Calculating the Fibonacci numbers on GPU

(veitner.bearblog.dev)

14 points | by rbanffy 4 days ago ago

7 comments

  • lb-guilherme 3 hours ago ago

    The algorithm here, fast doubling, is sequential (there is no parallelism) and is quite fast, with less than a hundred operations to arrive to the final result. This runs in nanosecond on a CPU and the benchmark in the article is mostly measuring the communication time rather than actual computation time.

    • Someone 2 hours ago ago

      They also do not make use of the fact that matrix multiplication is associative, so M⁴ = M² × M², M⁸ = M⁴ × M⁴, etc. That means one can compute F32 using 5 matrix multiplications. This uses 31.

      It wouldn’t surprise me at all if doing those 5 matrix multiplications on a CPU were faster than doing 31 on the GPU.

      Also, FTA: “To calculate extremly large fibonacci numbers we need to avoid integer overflow. A simple way to avoid that is to just take everything modulo a given number in the matrix multiplication“

      ⇒ This also is NOT calculating the Fibonacci numbers, copping out when things get difficult on a GPU.

      If you want to compute Fn mod some constant for 1 ≤ n ≤ some large constant fast on a GPU, I think I would compute quite a few of the intermediate matrices using the fast way, then spin up some ‘threads’ to compute the intermediate versions by copying those with the ‘standard’ matrix.
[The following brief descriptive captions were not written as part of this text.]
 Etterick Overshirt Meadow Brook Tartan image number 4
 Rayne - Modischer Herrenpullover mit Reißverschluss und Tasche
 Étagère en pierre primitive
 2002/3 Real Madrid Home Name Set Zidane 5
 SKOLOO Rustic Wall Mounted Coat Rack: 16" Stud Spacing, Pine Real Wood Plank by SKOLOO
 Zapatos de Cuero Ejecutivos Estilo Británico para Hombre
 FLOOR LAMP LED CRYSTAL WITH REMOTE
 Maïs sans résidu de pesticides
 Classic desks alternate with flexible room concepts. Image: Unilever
      • KeplerBoy an hour ago ago

        The matrix in question is tiny (2x2). There's no hope a GPU would ever outperform a CPU on that.

        It only gets interesting if you need a large matmuls or millions of small matmuls in parallel.
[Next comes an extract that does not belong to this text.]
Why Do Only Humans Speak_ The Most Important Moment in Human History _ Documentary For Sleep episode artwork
  • eesmith 2 hours ago ago

    > Using the power of GPUs we are able to calculate F99999999 in only 17 milliseconds on my Consumer GPU

    FWIW, on my 2020 era laptop, the following:

      #include <stdio.h>
      
      int main(void) {
        int a = 1, b = 1, c, n = 99999999;
        while (--n) {
          c = (a+b) % 9837;
          a = b;
          b = c;
        }
        printf("%d\n", a);
        return 0;
      }
    
    takes 330 ms measured as "time a.out".
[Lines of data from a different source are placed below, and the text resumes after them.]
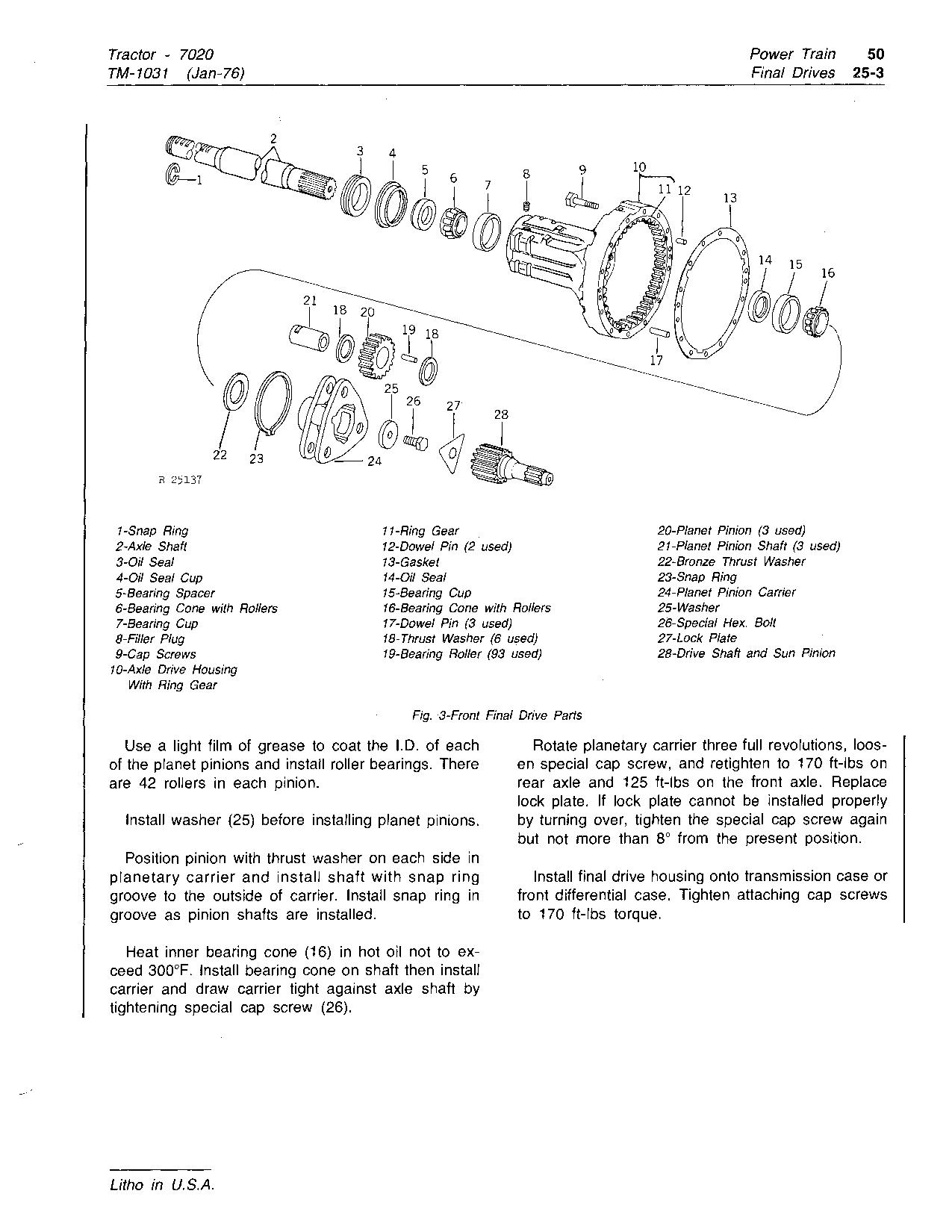 John Deere 7020 Tractors Technical Manual TM1031 (4)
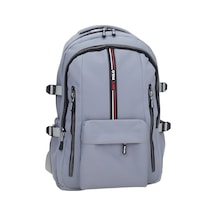 Unisex Çok Bölmeli Okul Sırt Çantası Ortaokul, Lise, Seyahat Ve Outdoor Gri
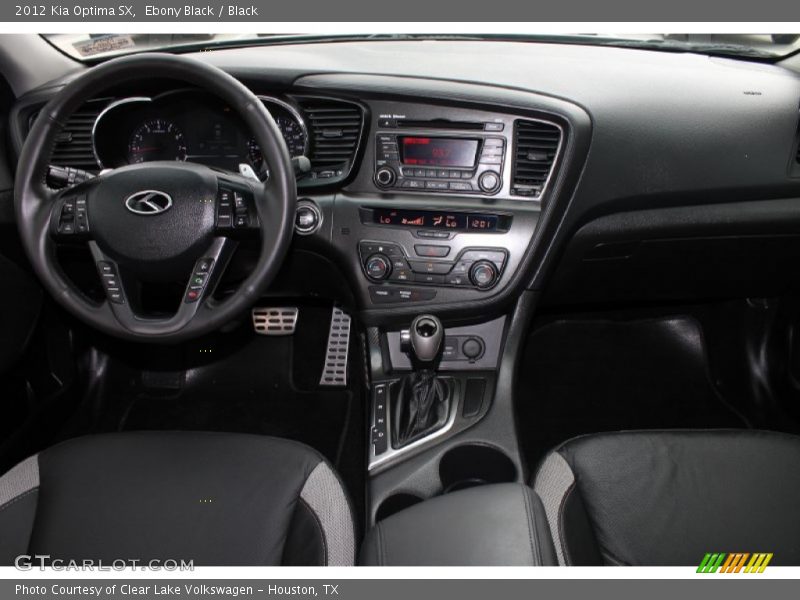 Ebony Black / Black 2012 Kia Optima SX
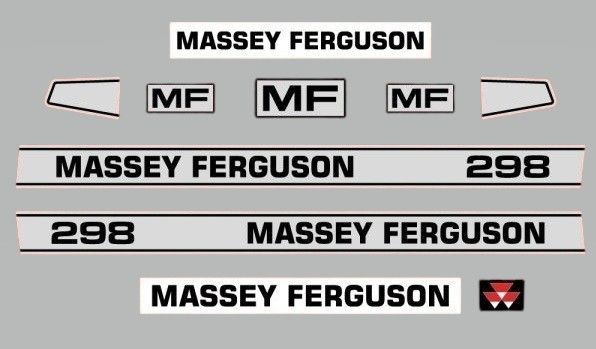 Stickerset Massey Ferguson 298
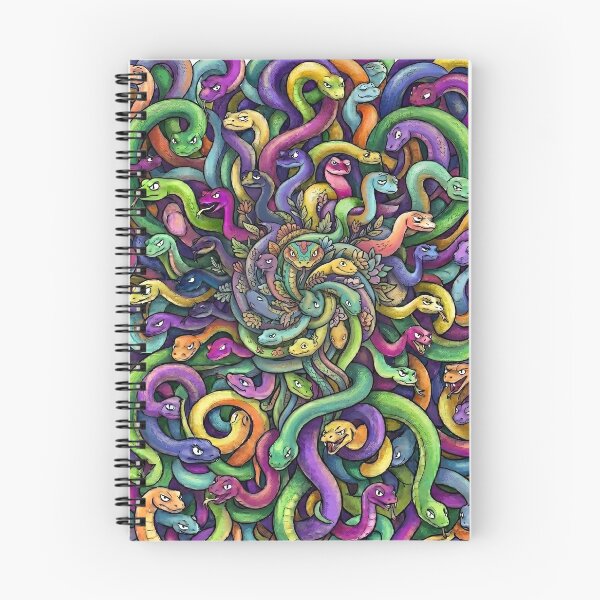 Item preview,  Colorful snakes designed and sold by MessyDaisy.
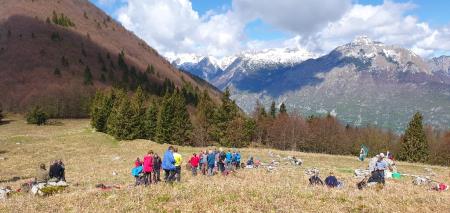POLAGANJE VENCEV PADLIM NA PLANINI GOLOBAR 19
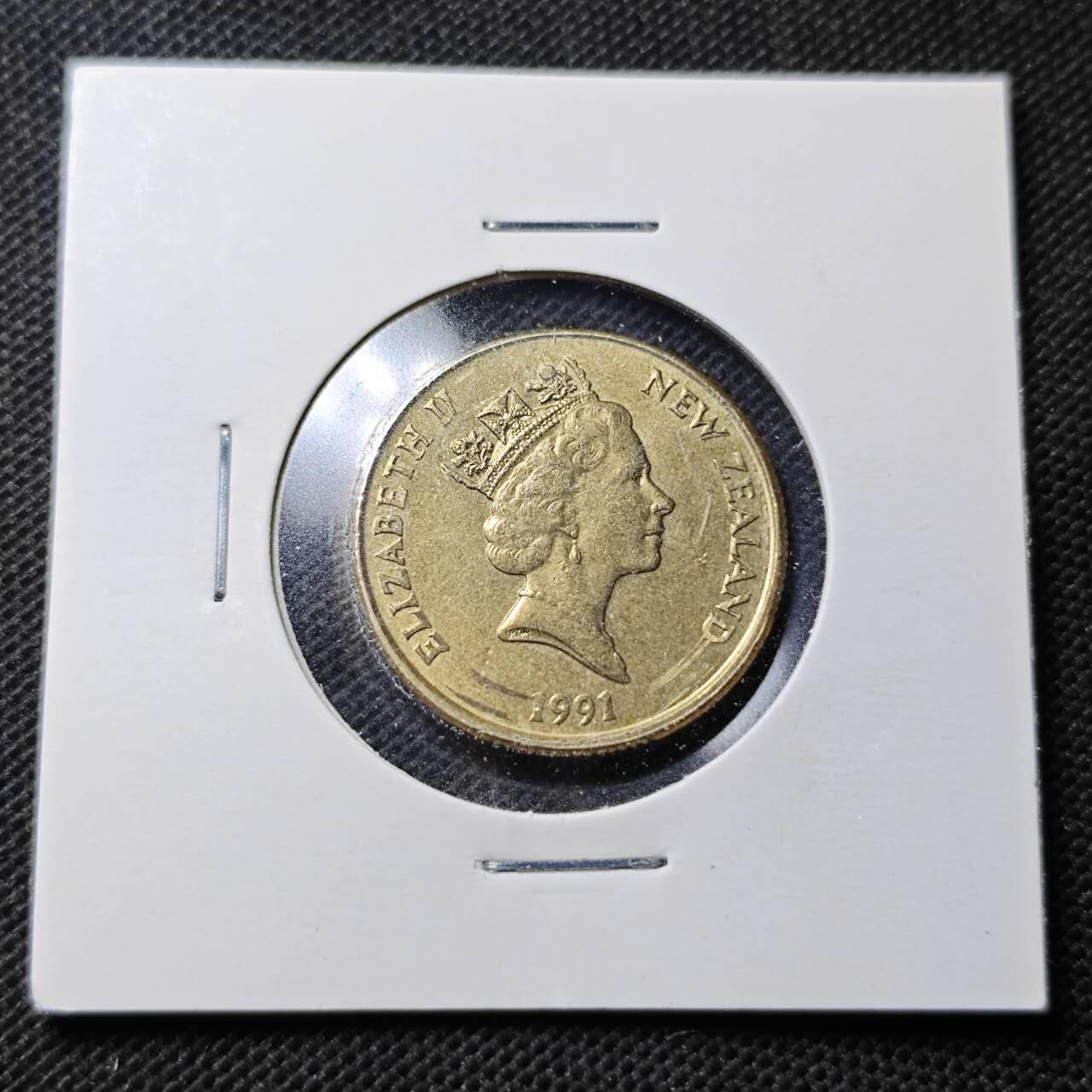 KK钱币收藏小铺  第369场  2月预留时间 周末发货  新西兰1元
    The problem with Fibonacci is there are algorithmic ways to speed things up. The following (using the method at https://en.wikipedia.org/wiki/Fibonacci_sequence to compute Fibonacci numbers recursively in O(log n) arithmetic operations) takes Python 0.1 ms to compute the same value:

      import functools
    
      @functools.cache
      def F(n):
          if n <= 2:
              return 1
    
          m = n // 2 # rounds down
          if n % 2:
              # odd
              return (F(m+1)**2 + F(m)**2) % 9837
          else:
              return ((2*F(m+1) - F(m))*F(m)) % 9837
    
      print(F(99999999))
    • amelius 25 minutes ago ago

      Maybe a better test is digits of Pi?

      Or recursive hashing?

      • staunton 13 minutes ago ago

        A test of what?

        • amelius 7 minutes ago ago

          Test of your GPU approach/library versus CPU.